## Data for processing:
·····
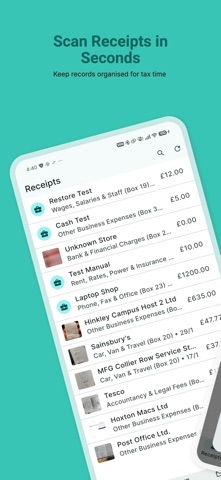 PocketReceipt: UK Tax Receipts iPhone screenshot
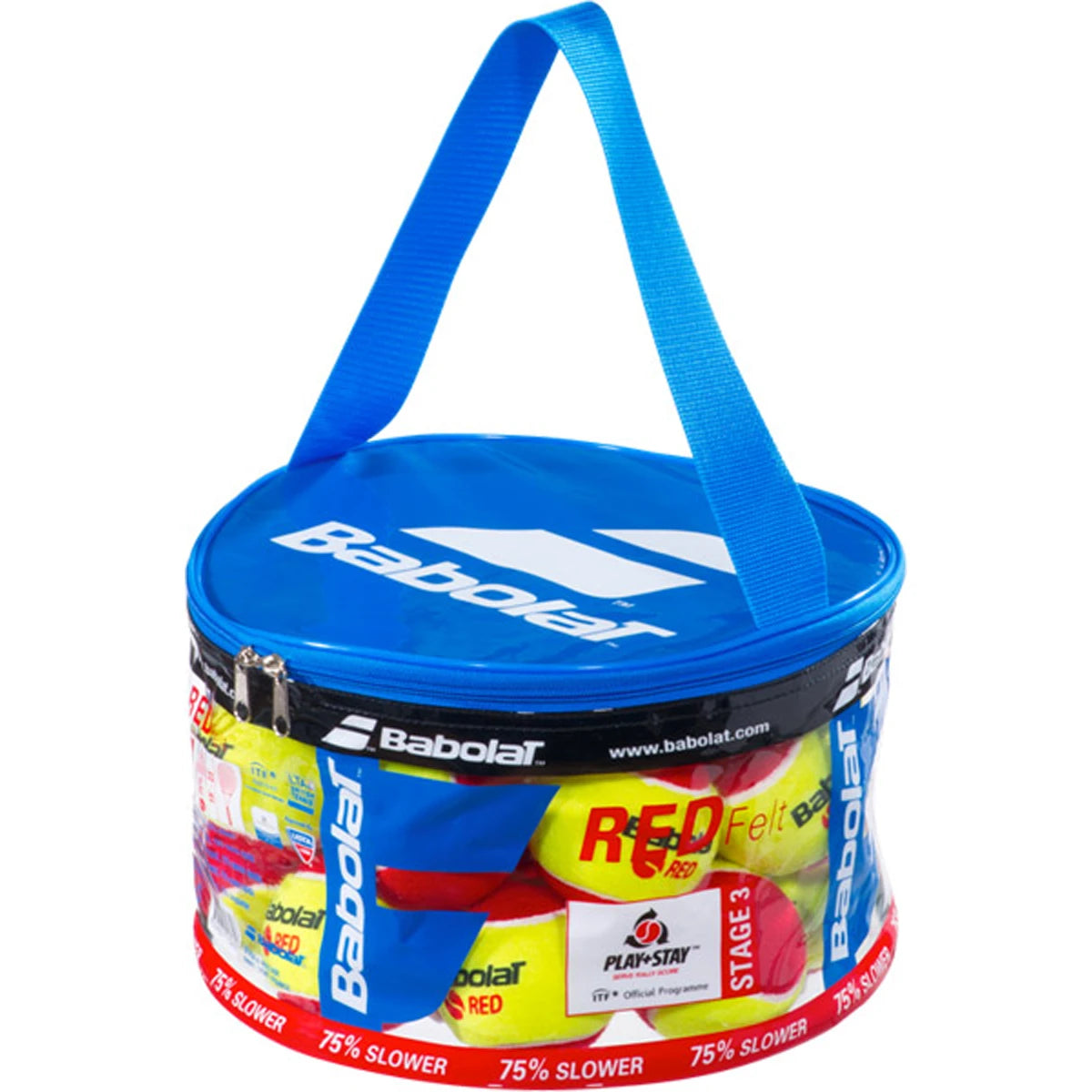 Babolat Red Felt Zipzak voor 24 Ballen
·····
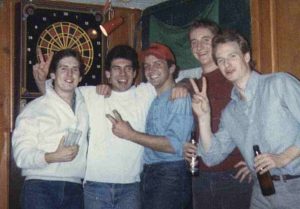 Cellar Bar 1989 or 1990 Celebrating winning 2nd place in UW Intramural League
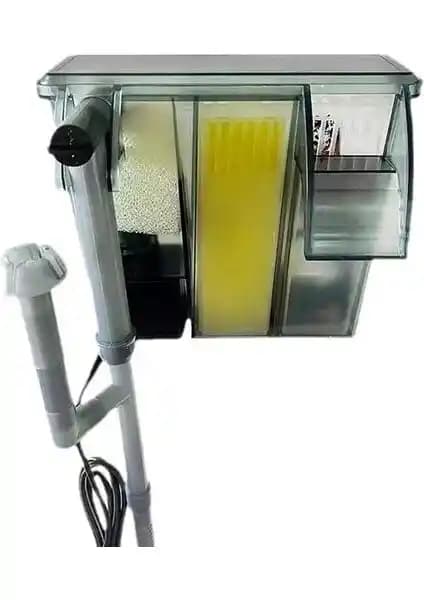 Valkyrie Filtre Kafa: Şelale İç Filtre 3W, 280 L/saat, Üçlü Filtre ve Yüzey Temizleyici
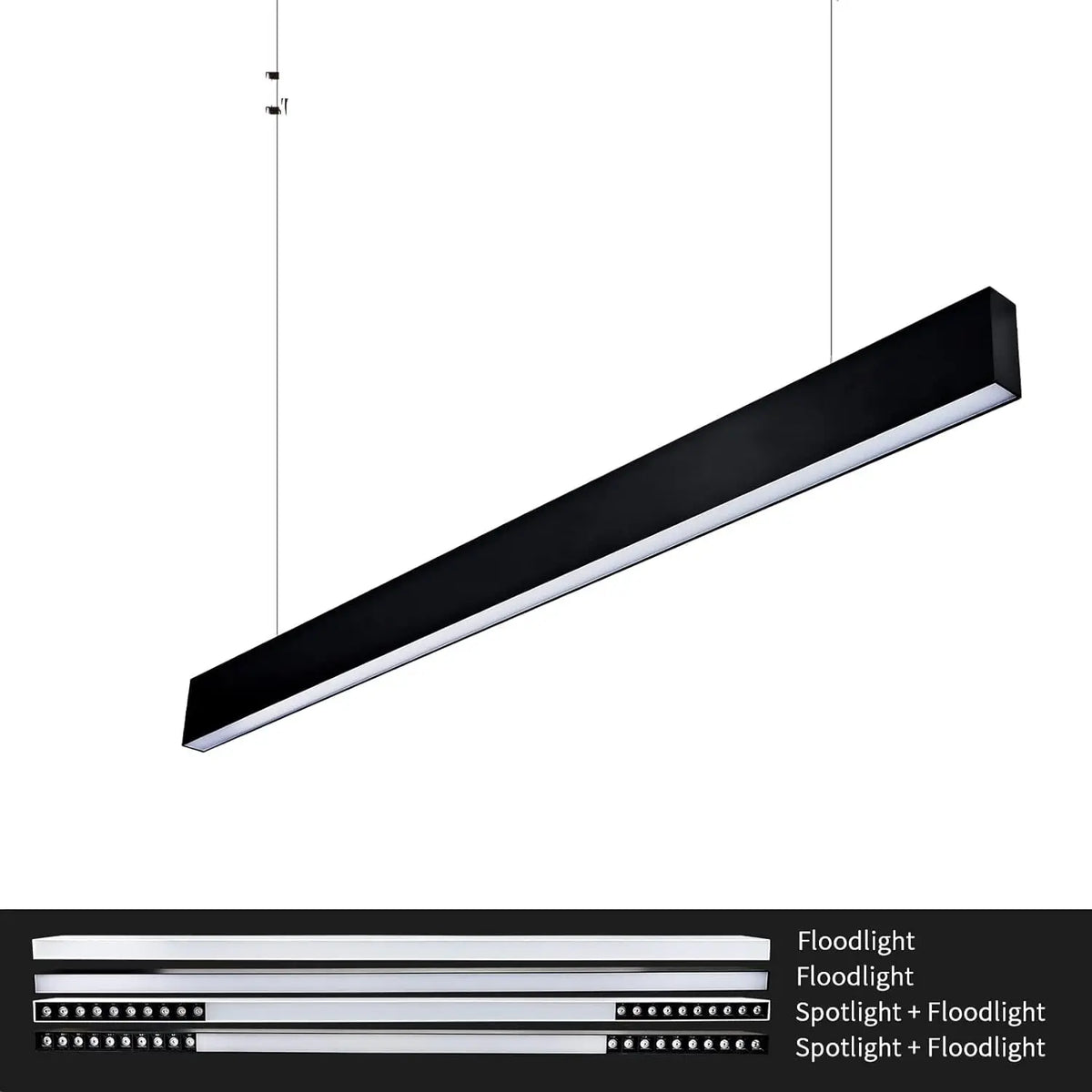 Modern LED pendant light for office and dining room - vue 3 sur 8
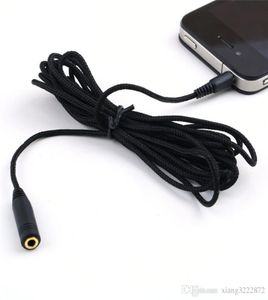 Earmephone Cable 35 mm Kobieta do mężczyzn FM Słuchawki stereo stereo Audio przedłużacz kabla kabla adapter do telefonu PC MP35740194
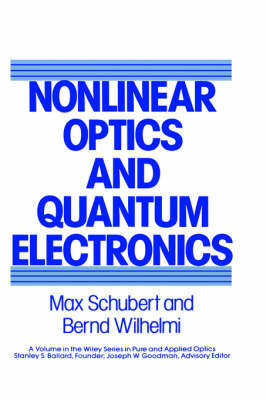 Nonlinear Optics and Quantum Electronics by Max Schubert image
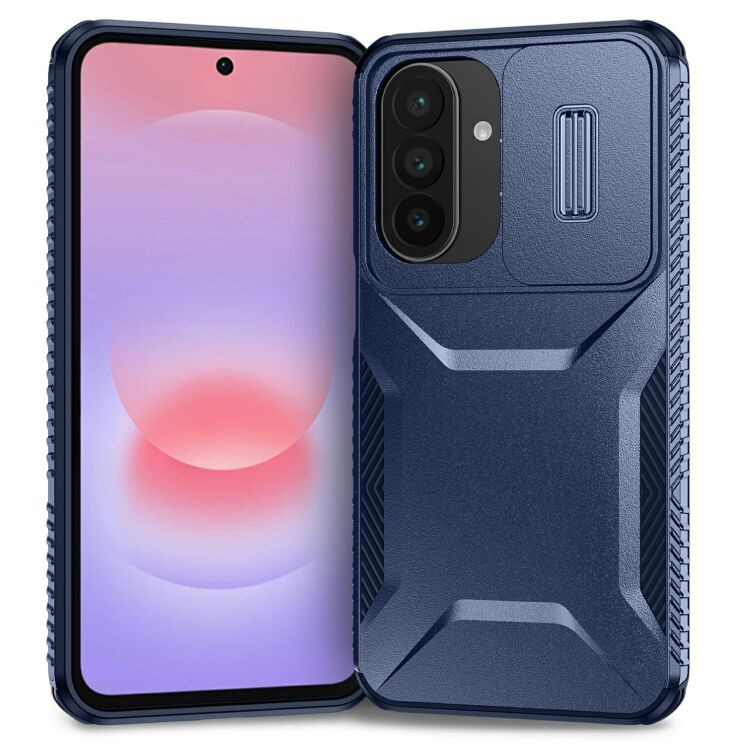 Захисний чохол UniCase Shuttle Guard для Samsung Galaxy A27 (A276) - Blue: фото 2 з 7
·····
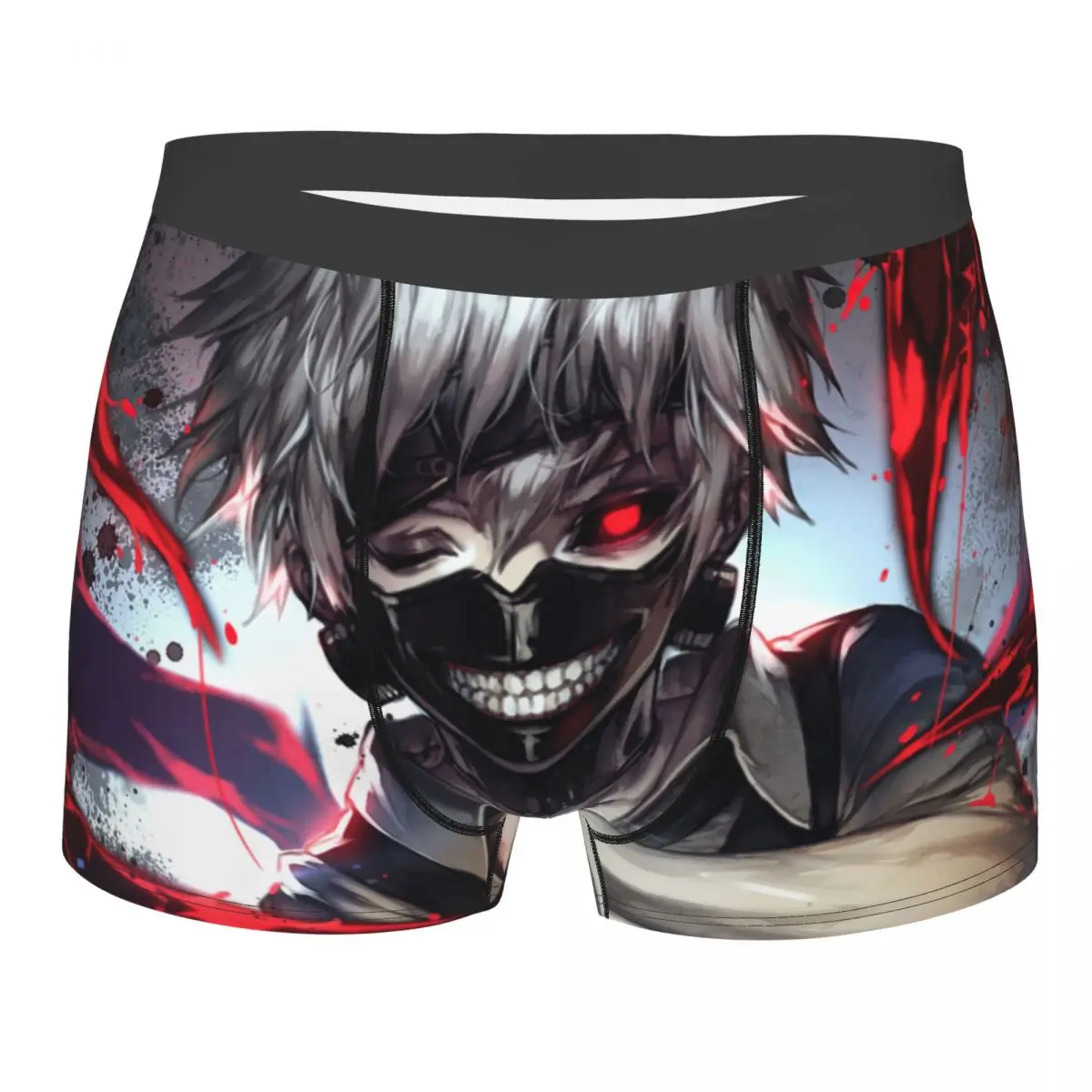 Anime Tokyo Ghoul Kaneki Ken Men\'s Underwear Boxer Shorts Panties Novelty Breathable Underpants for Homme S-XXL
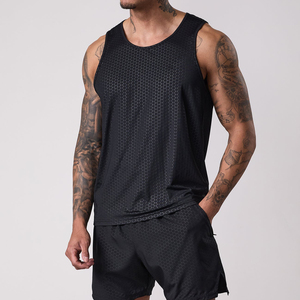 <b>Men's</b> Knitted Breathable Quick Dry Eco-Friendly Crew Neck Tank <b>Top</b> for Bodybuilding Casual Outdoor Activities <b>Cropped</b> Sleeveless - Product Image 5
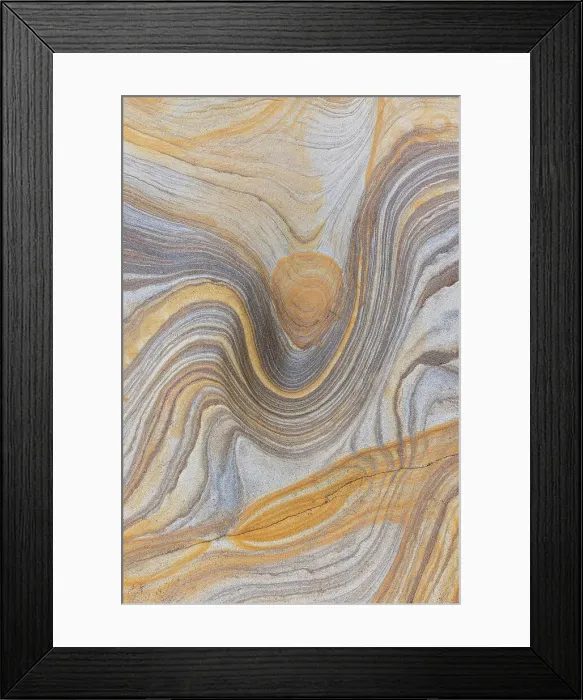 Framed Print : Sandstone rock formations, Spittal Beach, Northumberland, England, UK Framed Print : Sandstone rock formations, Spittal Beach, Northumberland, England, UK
·····
## Task statement:
Copy the listing above exactly, but only from the line with "Cellar Bar 1989" through the line with "Захисний чохол UniCase", including those two lines and excluding any picture.

## Written response:
 Cellar Bar 1989 or 1990 Celebrating winning 2nd place in UW Intramural League
 Valkyrie Filtre Kafa: Şelale İç Filtre 3W, 280 L/saat, Üçlü Filtre ve Yüzey Temizleyici
 Modern LED pendant light for office and dining room - vue 3 sur 8
 Earmephone Cable 35 mm Kobieta do mężczyzn FM Słuchawki stereo stereo Audio przedłużacz kabla kabla adapter do telefonu PC MP35740194
 Nonlinear Optics and Quantum Electronics by Max Schubert image
 Захисний чохол UniCase Shuttle Guard для Samsung Galaxy A27 (A276) - Blue: фото 2 з 7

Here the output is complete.